# Web page caption snippets:
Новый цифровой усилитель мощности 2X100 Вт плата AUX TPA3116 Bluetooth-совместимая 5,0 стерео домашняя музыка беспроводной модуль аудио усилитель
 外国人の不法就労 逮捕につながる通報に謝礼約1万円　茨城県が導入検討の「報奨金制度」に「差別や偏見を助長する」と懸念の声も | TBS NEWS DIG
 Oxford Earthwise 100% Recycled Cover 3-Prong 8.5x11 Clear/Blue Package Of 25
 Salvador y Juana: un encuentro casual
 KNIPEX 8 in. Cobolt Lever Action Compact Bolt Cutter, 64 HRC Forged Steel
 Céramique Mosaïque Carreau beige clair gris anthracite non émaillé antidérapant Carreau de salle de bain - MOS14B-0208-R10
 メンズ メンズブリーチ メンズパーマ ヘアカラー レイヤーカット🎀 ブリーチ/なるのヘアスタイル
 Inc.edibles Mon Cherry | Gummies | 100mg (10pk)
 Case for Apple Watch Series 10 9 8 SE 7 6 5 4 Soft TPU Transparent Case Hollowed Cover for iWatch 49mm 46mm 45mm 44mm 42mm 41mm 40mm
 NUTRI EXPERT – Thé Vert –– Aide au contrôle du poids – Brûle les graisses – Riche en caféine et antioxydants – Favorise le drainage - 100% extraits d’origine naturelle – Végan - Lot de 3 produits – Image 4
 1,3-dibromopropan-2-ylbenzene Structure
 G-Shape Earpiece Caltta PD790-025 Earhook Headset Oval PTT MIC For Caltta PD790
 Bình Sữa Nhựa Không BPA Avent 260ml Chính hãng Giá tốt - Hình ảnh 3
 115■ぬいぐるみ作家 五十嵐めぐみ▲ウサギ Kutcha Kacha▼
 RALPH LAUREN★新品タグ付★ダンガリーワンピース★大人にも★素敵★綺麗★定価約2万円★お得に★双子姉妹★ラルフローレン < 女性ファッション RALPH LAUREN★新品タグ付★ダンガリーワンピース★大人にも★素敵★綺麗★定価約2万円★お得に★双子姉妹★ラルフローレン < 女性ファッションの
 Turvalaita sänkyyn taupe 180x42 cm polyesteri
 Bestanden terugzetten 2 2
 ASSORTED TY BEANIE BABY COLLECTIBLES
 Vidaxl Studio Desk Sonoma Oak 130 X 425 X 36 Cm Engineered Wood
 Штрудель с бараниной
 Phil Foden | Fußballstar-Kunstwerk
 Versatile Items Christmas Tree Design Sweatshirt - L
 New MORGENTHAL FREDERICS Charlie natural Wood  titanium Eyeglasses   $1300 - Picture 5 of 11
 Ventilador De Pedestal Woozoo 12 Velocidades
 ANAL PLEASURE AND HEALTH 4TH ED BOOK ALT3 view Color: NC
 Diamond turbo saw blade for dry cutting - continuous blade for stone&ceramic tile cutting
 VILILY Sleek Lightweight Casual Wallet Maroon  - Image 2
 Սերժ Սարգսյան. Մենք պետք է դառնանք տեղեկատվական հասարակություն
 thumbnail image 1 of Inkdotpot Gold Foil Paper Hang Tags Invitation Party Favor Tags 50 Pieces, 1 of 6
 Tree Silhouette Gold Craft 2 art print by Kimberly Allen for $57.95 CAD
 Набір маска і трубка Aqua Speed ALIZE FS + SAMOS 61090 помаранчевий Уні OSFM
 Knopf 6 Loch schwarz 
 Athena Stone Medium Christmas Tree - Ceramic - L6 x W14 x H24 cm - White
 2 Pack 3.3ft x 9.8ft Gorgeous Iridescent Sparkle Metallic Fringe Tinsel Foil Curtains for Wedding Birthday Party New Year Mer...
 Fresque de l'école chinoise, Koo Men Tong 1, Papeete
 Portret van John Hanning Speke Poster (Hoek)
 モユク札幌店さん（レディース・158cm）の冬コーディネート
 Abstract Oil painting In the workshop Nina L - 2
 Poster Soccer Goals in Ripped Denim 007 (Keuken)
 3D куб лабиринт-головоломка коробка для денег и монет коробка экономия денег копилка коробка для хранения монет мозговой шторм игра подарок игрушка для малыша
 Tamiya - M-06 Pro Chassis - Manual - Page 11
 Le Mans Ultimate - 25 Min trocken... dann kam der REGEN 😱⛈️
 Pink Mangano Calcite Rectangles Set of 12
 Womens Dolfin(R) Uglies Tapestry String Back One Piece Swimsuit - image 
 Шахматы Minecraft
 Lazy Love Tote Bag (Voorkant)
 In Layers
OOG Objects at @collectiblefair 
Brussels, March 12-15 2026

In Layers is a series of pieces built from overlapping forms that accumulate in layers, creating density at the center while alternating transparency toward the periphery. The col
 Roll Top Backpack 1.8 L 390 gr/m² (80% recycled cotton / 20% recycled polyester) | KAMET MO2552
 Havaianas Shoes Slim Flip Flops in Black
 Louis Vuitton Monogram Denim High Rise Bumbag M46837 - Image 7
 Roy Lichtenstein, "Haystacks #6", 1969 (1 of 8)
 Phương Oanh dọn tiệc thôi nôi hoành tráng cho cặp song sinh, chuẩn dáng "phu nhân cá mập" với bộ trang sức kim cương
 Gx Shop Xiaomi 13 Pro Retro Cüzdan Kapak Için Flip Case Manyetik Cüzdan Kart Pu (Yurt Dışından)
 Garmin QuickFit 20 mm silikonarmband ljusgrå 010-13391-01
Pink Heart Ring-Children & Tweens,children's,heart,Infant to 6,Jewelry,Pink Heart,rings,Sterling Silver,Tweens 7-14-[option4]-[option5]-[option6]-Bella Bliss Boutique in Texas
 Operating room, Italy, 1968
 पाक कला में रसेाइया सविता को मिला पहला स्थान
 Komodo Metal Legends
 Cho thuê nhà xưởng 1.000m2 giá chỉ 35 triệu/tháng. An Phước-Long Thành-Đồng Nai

# About this exercise:
Each line with the word "Tree" in the records above belongs in the result; copy all of them.

# Expected answer:
 Versatile Items Christmas Tree Design Sweatshirt - L
 Tree Silhouette Gold Craft 2 art print by Kimberly Allen for $57.95 CAD
 Athena Stone Medium Christmas Tree - Ceramic - L6 x W14 x H24 cm - White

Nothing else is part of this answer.